Quibbling about terminology aside, all 3 of the sources I cited:

http://users.wpi.edu/~cfurlong/me3320/lect13/Lect13.pdf
bama.ua.edu/~mweaver/courses/MTE455/MTE455_2006_L26.pdf
http://www.kuleuven.ac.be/bwk/materials/Teaching/master/wg12/l0200.htm#SEC_6_1

unambiguously discussed S/N curves where the materials had infinite
stress life (horizontal asymptote). There was no confusion about the
topic. 2 of the authors contended that all stainless steels have this
characteristic, the 3rd said some.

The last source I cited: www.stainless-steel-world.net/pdf/11021.pdf,
showed a S/N curve for a specific alloy (which you requested), that of
the very common 316.

Do you have any examples of S/N curves that dispute this? Say one for 316?

And I'd appreciate you stop calling me "dude".

 

[Peter Cole]

jim beam wrote:
> Peter Cole wrote:
>> jim beam wrote:
>>> Peter Cole wrote:
>>>> jim beam wrote:
>>>>> Peter Cole wrote:
>>>>>> Another interesting quote from
>>>>>>
>>>>>> <http://www.kuleuven.ac.be/bwk/materials/Teaching/master/wg12/l0200.htm#SEC_6_1>
>>>>>>
>>>>>> Sec. 6.6
>>>>>>
>>>>>> "Residual stresses or internal stresses are produced when a region
>>>>>> of a part is strained beyond the elastic limit while other regions
>>>>>> are elastically deformed. When the force or deformation causing
>>>>>> the deformation are removed, the elastically deformed material
>>>>>> springs back and impose residual stresses in the plastically
>>>>>> deformed material. Yielding can be caused by thermal expansion as
>>>>>> well as by external force. The residual stresses are of the
>>>>>> opposite sign to the initially applied stress. Therefore, if a
>>>>>> notched member is loaded in tension until yielding occurs, the
>>>>>> notch root will experience a compressive stress after unloading.
>>>>>> Welding stresses which are locked in when the weld metal contracts
>>>>>> during cooling are an example of highly damaging stresses that
>>>>>> cannot be avoided during fabrication.
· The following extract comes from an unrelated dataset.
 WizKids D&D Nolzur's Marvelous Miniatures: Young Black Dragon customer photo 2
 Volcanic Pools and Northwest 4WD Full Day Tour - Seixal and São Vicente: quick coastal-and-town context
These stresses are of yield
>>>>>> stress magnitude and tensile and compressive stresses must always
>>>>>> balance each other, as indicated in Figure 26. The high tensile
>>>>>> welding stresses contribute to a large extent to the poor fatigue
>>>>>> performance of welded joints."
>>>>>>
>>>>>> "Residual stresses have a similar influence on fatigue life as
>>>>>> externally imposed mean stresses, ie. a tensile stress reduces
>>>>>> fatigue life while a compressive stress increases life. There is,
>>>>>> however, an important difference which relates to the stability of
>>>>>> residual stresses. While an externally imposed mean stress, eg.
>>>>>> stress caused by dead weight always acts (as long as the load is
>>>>>> present), residual stress may relax with time, especially if there
>>>>>> are high peaks in the load spectrum that cause local yielding at
>>>>>> stress concentrations."
>>>>>
>>>>> dude, with respect, residual stress has NOTHING to do with
>>>>> endurance limits!!!
>>>>
>>>> No, it doesn't, but you were the one who put them together upthread:
>>>>
>>>> "Since we have yet to be privileged with sight of the jobstian
>>>> research that will revolutionize the world of materials by showing
>>>> how fatigue can be eliminated in a material with no endurance limit
>>>> and, we're somewhat thin on evidence for this supposition that
>>>> spokes are sent from the factory containing residual stress"
>>>>
>>>> My cite above was intended as a rebuttal to your (frequent) denial
>>>> that mechanical stress relieving doesn't reduce residual stress.
>>>
>>> context: i was contrasting the credibility of someone that claims
>>> they can eliminate fatigue in a situation where they can't, with the
>>> fact that they're making unsupported suppositions.
>>>
>>> i've never said you cannot mechanically relieve residual stress. i
>>> /have/ however questioned whether spokes leave the factory with
>>> sufficient residual stress to initiate fatigue /and/ i've questioned
>>> the efficacy of "stress relief" applied after spoke manufacture.
>>> mechanical stress relief is typically only effective a short time
>>> after initial deformation. waiting more than a few hours [as will be
>>> necessary to ship from the spoke manufacturer to the wheel builder]
>>> will render this method useless. and then we can get into the debate
>>> of spoke squeezing itself and whether a process that produces no
>>> detectable deformation is actually yielding the material sufficiently
>>> to work as is being supposed, [timing issues aside of course].
>>
>> These claims (time dependency & lack of overall plastic yield) seem to
>> be not supported by the link above and others I have provided. I will
>> wait for you to provide any evidence to support your claims.
>
> dieter, mechanical metallurgy, isbn 0-07-016893-8, chapter 19.6,
> residual stresses in rod, wire & tubes. [forgive me if i don't dig out
> my old lecture notes - one of my old profs was mr. cold drawn steel.]
>
> typical mechanical relief strain is 1%-2%. for a 294mm spoke, where
> does that leave us? arguing as jobst does that the relief strain is at
> levels microscopic and can't be detected is suppositional straw clutching.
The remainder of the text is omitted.